Segment Start: Supplied material
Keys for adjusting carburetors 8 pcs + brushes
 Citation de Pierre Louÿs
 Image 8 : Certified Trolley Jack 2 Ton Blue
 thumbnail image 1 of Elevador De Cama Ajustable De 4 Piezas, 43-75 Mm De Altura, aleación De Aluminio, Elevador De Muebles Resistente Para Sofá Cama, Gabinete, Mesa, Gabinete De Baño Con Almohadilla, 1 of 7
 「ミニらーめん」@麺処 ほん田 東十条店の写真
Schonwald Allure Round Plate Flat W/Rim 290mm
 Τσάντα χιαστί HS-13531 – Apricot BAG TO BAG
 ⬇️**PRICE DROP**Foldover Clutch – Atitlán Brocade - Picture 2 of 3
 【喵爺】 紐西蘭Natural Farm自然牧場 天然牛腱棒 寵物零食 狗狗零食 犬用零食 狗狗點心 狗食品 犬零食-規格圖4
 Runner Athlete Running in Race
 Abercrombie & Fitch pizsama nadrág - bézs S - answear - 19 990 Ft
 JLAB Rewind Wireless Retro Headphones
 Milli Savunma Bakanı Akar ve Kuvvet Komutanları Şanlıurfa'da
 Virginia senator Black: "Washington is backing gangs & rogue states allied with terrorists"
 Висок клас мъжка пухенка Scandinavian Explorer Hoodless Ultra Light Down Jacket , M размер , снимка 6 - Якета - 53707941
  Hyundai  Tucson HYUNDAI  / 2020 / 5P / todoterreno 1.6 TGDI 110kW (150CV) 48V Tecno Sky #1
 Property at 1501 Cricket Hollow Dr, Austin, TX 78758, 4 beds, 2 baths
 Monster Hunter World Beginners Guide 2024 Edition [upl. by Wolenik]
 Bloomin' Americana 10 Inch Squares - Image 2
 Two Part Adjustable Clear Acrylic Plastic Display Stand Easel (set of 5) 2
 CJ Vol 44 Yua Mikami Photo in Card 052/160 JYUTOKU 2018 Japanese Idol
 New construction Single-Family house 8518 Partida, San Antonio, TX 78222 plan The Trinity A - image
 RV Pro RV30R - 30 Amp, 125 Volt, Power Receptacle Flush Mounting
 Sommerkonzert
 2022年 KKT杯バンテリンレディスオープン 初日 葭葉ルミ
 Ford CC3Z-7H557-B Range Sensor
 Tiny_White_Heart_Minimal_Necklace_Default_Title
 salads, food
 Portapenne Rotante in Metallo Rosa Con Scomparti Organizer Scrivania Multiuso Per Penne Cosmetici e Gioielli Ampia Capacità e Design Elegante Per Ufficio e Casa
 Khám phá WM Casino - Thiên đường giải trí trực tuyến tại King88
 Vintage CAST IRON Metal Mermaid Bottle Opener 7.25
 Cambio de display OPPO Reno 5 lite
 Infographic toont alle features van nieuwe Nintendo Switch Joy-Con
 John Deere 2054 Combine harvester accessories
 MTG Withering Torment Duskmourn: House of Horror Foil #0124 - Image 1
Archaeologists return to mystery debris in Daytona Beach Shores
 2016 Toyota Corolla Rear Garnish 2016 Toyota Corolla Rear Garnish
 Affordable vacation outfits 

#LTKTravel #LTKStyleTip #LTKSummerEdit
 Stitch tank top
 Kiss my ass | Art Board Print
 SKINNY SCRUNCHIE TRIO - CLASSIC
Segment End: Supplied material
Without leaving anything out, quote all the data.

● Response area
Keys for adjusting carburetors 8 pcs + brushes
 Citation de Pierre Louÿs
 Image 8 : Certified Trolley Jack 2 Ton Blue
 thumbnail image 1 of Elevador De Cama Ajustable De 4 Piezas, 43-75 Mm De Altura, aleación De Aluminio, Elevador De Muebles Resistente Para Sofá Cama, Gabinete, Mesa, Gabinete De Baño Con Almohadilla, 1 of 7
 「ミニらーめん」@麺処 ほん田 東十条店の写真
Schonwald Allure Round Plate Flat W/Rim 290mm
 Τσάντα χιαστί HS-13531 – Apricot BAG TO BAG
 ⬇️**PRICE DROP**Foldover Clutch – Atitlán Brocade - Picture 2 of 3
 【喵爺】 紐西蘭Natural Farm自然牧場 天然牛腱棒 寵物零食 狗狗零食 犬用零食 狗狗點心 狗食品 犬零食-規格圖4
 Runner Athlete Running in Race
 Abercrombie & Fitch pizsama nadrág - bézs S - answear - 19 990 Ft
 JLAB Rewind Wireless Retro Headphones
 Milli Savunma Bakanı Akar ve Kuvvet Komutanları Şanlıurfa'da
 Virginia senator Black: "Washington is backing gangs & rogue states allied with terrorists"
 Висок клас мъжка пухенка Scandinavian Explorer Hoodless Ultra Light Down Jacket , M размер , снимка 6 - Якета - 53707941
  Hyundai  Tucson HYUNDAI  / 2020 / 5P / todoterreno 1.6 TGDI 110kW (150CV) 48V Tecno Sky #1
 Property at 1501 Cricket Hollow Dr, Austin, TX 78758, 4 beds, 2 baths
 Monster Hunter World Beginners Guide 2024 Edition [upl. by Wolenik]
 Bloomin' Americana 10 Inch Squares - Image 2
 Two Part Adjustable Clear Acrylic Plastic Display Stand Easel (set of 5) 2
 CJ Vol 44 Yua Mikami Photo in Card 052/160 JYUTOKU 2018 Japanese Idol
 New construction Single-Family house 8518 Partida, San Antonio, TX 78222 plan The Trinity A - image
 RV Pro RV30R - 30 Amp, 125 Volt, Power Receptacle Flush Mounting
 Sommerkonzert
 2022年 KKT杯バンテリンレディスオープン 初日 葭葉ルミ
 Ford CC3Z-7H557-B Range Sensor
 Tiny_White_Heart_Minimal_Necklace_Default_Title
 salads, food
 Portapenne Rotante in Metallo Rosa Con Scomparti Organizer Scrivania Multiuso Per Penne Cosmetici e Gioielli Ampia Capacità e Design Elegante Per Ufficio e Casa
 Khám phá WM Casino - Thiên đường giải trí trực tuyến tại King88
 Vintage CAST IRON Metal Mermaid Bottle Opener 7.25
 Cambio de display OPPO Reno 5 lite
 Infographic toont alle features van nieuwe Nintendo Switch Joy-Con
 John Deere 2054 Combine harvester accessories
 MTG Withering Torment Duskmourn: House of Horror Foil #0124 - Image 1
Archaeologists return to mystery debris in Daytona Beach Shores
 2016 Toyota Corolla Rear Garnish 2016 Toyota Corolla Rear Garnish
 Affordable vacation outfits 

#LTKTravel #LTKStyleTip #LTKSummerEdit
 Stitch tank top
 Kiss my ass | Art Board Print
 SKINNY SCRUNCHIE TRIO - CLASSIC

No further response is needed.